There were also questions posed to the Senior Assistant Attorney General, Tim Gauger, at oral argument on May 20, 2004, about whether the Department of Education had followed through with directives from the General Assembly regarding the establishment of an Office of Teacher Recruitment and the identification of teacher-shortage issues. He could not answer these questions, which amplify our concern over the additional work that remains to be done.

V. Conclusion

We join the Masters and the State’s experts in their praise for the work done by the General Assembly in the field of education, particularly during the Second Extraordinary Session after January 1, 2004. The Masters use the term “laudable” in connection with much of the legislation passed.
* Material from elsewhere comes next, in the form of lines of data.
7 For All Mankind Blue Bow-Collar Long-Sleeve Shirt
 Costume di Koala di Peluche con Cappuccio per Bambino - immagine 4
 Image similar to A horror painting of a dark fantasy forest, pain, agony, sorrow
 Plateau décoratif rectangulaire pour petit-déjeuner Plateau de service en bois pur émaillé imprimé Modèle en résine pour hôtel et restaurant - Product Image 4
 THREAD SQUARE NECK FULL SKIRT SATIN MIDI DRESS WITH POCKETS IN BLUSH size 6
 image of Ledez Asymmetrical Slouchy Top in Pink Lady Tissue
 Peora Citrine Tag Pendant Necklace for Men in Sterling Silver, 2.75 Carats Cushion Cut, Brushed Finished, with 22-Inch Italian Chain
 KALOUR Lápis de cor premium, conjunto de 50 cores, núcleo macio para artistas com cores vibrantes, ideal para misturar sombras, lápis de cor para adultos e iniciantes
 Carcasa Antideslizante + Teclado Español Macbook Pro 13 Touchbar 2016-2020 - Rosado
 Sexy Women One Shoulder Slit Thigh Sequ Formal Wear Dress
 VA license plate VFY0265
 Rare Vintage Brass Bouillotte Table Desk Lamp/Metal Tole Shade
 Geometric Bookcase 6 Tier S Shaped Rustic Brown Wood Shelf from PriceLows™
The accounting and accountability measures set in place appear to be state-of-the-art. And Act 108, which requires that education be fully funded and directs the chief fiscal officer to tap into other funds on a pro-rata basis to pay for the educational programs appears to be unprecedented in any other state in this nation. The legislative accomplishments have been truly impressive.

What follows are samples of the praise from the State’s experts drawn from the Masters’ Report:

- Dr. James Smith testified that the General Assembly’s move to consolidate some 19% of our 308 school districts was “dramatic.”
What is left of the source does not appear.